Jayden clenched his fists. "I know he's gone. But why? Why did he leave? Why did he disappear?"

Isla's expression didn't change.

"Because he was betrayed."

Jayden's blood ran cold.

"By who?"

She looked him in the eyes.

"By the same clan that rules the city's underworld now. The Crimson Ash."

Jayden had heard the name before.

Rumors of a crime syndicate with roots in ancient martial houses. They controlled gangs, business fronts, and operated from the shadows. Untouchable. Lethal. Myths wrapped in blood and silence.

"They feared the return of the Dragon Form," Isla continued. "So they set a trap. Your father walked into it… and never came out."

Jayden's voice came out hoarse. "Then how do you know?"

"Because I watched him fall." She paused. "And I watched what he left behind."

She reached into her coat and dropped something onto the table.

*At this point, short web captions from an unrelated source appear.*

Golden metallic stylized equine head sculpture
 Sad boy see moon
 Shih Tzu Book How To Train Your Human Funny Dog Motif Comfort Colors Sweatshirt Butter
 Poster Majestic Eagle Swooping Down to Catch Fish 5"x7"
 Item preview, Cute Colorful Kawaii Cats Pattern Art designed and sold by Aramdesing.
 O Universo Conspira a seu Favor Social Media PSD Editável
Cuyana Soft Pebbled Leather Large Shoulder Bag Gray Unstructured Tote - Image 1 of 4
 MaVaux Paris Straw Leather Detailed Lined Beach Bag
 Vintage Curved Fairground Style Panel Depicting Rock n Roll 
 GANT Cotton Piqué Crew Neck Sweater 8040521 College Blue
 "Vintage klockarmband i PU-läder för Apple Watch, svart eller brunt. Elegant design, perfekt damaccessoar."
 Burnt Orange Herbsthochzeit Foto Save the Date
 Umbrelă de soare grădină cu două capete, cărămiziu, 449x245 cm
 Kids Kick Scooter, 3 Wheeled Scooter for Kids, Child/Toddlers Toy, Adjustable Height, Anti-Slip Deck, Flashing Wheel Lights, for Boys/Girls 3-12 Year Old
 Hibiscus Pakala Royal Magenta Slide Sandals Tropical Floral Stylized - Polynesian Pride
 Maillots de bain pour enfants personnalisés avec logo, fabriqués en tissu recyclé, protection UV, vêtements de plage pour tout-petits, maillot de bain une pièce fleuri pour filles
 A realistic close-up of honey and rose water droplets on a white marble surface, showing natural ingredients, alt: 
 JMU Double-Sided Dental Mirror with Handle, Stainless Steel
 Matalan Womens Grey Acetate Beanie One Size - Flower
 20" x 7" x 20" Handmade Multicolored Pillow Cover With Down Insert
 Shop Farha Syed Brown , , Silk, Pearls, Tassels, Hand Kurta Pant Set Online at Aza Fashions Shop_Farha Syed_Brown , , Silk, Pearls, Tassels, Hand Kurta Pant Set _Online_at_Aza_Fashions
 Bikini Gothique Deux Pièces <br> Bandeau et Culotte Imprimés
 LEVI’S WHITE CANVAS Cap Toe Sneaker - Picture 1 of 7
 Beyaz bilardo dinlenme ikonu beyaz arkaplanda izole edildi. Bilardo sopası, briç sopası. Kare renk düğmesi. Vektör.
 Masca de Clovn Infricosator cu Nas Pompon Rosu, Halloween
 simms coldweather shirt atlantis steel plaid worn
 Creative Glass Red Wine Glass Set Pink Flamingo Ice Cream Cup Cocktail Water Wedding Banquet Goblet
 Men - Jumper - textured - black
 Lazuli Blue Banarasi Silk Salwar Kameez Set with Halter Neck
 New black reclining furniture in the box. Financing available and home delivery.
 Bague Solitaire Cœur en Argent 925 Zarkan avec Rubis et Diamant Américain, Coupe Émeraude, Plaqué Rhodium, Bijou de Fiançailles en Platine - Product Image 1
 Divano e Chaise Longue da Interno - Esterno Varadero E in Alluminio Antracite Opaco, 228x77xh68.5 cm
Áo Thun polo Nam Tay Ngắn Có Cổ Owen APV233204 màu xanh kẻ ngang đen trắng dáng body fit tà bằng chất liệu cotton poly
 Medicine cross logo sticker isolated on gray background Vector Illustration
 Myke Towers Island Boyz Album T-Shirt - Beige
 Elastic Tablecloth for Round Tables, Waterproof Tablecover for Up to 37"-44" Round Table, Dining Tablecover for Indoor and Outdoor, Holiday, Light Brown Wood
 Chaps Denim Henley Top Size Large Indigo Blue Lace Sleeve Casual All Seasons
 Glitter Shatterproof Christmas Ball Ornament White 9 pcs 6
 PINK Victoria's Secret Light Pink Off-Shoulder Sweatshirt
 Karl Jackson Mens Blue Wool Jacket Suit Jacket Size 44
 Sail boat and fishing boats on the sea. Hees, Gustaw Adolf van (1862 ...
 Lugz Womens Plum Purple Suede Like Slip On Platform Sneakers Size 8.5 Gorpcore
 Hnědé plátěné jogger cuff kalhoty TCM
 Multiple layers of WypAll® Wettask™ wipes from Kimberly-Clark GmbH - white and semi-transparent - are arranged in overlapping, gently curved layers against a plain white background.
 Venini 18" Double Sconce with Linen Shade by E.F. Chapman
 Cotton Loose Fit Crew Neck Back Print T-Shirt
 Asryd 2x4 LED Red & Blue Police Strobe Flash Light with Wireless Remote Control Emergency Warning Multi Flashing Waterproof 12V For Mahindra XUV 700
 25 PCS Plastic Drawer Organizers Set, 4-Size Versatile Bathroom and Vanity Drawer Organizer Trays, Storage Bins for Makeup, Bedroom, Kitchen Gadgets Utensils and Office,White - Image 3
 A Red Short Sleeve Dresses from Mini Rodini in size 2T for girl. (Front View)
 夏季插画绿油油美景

A crystal memory orb — infused with chi.

Jayden touched it.

It sparked, glowing, then projected a hazy image in the air — a burning battlefield, Marcus Cross surrounded by masked assassins. He was older than Jayden remembered, bearded, his body scarred. But his movements… they were impossibly fast. Dragon-shaped chi coiled around his limbs as he moved, cutting down enemies like thunder itself.

Then a blade struck him from behind.

A symbol flared on the assassin's mask — a crimson flame with eyes.

Jayden gasped.

The Crimson Ash.

His father roared in fury, unleashed a final blast of chi… then vanished in white light.

The memory faded.

Jayden stood frozen.

"I don't know if he died," Isla said. "But I know they think he did. And now that you've awakened the Dragon Form, they'll come for you too."

Jayden turned toward the window. His reflection in the glass stared back at him — older than he looked, scarred by destiny.

"I'm not running," he said.

"I didn't think you would," Isla replied. "That's why I'm here. To train you. To prepare you for the war that's coming."

The training began that night.

Jayden had learned from the ruins. From ghosts. From ancient chi and forgotten techniques.

But Isla Vale was something else.

Her teaching was brutal, precise, and remorseless.

She didn't explain. She demanded. When Jayden failed, she struck. When he succeeded, she struck harder. But as the hours passed, he began to understand — her movements were like shadows made flesh. Her chi had no form… because it didn't need one. It was adaptation incarnate.

She called it the Mist Veil Art — a style designed to kill those with stronger chi by becoming invisible to it.

Perfect for hunting cultivators.

Perfect for killing gods.

Jayden absorbed every strike. Every fall. Every bruise.

By sunrise, he could feel his chi reacting faster. Sharper. More fluid.

He stood, sweat pouring, body trembling, the Dragon Form mark burning on his chest.

Isla nodded.

"You're not your father," she said. "You may be… something more dangerous."

Elsewhere, in a skyscraper cloaked in smoke and neon, a man stood in front of a window.

His eyes were red with fire.

His robe bore the sigil of the Crimson Ash.

A masked servant approached and knelt. "The Dragon Form has awakened."

The man said nothing.

Then: "Begin the culling."

"Yes, Grand Vicar."

The servant bowed and vanished into smoke.